Hardware Advocacy or Making it easy to do the right thing.

Michael T. Richter ttmrichter at gmail.com
Tue Feb 27 04:01:55 GMT 2007


On Mon, 2007-26-02 at 09:04 -0600, Tommy Trussell wrote:

> Surely more manufacturers and vendors will start advertising linux
> compatibility... as this thread points out it will be a real draw in
> some circles. A few vendors such as newegg.com already include linux
> in their keywords, and their customer reviews often include comments
> about compatibility. So there's hope!


They will not.  The problem is one which is fundamentally at
cross-purposes to the F/OSS movement's philosophy -- particularly the
"software wants to be free" segment of it.

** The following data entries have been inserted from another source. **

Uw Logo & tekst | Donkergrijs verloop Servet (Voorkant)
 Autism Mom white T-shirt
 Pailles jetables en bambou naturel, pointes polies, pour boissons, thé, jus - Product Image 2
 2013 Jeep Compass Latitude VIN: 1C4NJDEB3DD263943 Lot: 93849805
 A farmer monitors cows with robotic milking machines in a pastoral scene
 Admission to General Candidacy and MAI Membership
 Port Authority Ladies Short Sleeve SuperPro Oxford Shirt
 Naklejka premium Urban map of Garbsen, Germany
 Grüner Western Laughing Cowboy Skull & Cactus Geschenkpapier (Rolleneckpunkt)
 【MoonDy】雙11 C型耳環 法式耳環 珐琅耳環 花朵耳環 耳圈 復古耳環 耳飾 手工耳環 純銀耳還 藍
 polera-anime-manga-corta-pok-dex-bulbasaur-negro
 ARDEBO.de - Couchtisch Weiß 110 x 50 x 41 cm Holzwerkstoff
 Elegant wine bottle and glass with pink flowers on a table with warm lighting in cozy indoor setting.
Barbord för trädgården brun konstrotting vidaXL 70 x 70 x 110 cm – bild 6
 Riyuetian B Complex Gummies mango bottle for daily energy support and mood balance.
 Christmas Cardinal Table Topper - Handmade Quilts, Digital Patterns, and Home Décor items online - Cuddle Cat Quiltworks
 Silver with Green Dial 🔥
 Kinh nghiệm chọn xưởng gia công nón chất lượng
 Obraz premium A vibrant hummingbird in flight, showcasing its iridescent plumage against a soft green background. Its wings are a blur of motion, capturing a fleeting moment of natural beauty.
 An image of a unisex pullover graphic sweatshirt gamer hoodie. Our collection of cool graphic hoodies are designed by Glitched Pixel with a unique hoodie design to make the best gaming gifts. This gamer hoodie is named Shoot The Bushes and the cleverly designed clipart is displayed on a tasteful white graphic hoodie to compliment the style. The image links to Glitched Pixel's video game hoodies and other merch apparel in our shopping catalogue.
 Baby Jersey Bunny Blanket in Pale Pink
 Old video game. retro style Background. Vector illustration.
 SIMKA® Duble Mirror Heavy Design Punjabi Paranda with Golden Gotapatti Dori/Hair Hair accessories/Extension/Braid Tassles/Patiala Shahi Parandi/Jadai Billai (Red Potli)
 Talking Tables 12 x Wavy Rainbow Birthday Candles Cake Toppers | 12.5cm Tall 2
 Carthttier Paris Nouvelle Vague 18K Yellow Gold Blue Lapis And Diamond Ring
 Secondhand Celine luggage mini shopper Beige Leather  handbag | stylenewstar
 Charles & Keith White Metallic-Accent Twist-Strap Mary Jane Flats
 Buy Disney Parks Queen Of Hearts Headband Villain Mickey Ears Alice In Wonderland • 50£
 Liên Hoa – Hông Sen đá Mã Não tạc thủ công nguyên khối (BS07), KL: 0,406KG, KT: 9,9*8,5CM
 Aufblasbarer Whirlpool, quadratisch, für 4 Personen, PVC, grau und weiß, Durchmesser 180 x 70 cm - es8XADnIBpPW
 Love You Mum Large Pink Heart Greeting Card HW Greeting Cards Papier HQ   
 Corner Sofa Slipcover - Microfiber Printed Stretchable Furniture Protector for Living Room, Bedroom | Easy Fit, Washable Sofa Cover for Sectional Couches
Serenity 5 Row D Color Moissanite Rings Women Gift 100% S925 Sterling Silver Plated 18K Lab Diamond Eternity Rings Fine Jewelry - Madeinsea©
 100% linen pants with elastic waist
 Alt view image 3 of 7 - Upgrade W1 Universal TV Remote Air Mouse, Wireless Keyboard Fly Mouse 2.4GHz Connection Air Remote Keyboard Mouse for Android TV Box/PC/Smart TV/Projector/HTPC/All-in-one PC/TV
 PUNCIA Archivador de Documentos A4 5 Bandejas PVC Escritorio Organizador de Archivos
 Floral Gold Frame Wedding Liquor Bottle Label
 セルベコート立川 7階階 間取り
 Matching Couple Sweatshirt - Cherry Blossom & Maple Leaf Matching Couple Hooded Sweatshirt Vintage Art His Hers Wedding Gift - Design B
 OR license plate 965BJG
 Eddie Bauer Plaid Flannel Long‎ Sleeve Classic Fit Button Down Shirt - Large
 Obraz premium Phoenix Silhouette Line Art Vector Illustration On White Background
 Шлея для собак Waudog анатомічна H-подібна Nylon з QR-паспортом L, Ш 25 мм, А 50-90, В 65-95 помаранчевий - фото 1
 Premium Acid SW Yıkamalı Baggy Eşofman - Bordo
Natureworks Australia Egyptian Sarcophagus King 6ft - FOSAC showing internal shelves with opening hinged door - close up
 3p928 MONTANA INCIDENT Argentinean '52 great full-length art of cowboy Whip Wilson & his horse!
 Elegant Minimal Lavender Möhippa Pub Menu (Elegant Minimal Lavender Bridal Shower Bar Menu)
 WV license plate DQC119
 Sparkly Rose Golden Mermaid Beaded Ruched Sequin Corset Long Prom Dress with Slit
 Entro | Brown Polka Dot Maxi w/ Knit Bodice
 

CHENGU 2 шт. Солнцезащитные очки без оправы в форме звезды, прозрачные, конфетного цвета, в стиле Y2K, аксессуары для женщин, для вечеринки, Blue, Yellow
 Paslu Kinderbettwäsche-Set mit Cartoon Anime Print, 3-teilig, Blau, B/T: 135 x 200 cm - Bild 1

Hardware is a strongly-competitive industry full of trade secrets.  (One
of the trade secrets most jealously protected is just how bad most
hardware is under the covers....)  The algorithms used, for example, in
video cards, audio cards and printers tend to be extremely secretive,
especially the algorithms used to give astonishingly low-quality, dumb
hardware enough smarts to do fancy things.  (I'm looking at most inkjet
printers here.)  You will not convince people who make hardware that's
already on a very tight margin to release what trade secrets and
competitive advantages they have just to collect a few extra whiny
users.  No amount of screaming or stomping of feet is going to change
what hardware manufacturers do and the Linux world is simply not a
lucrative nor large enough market to force anything.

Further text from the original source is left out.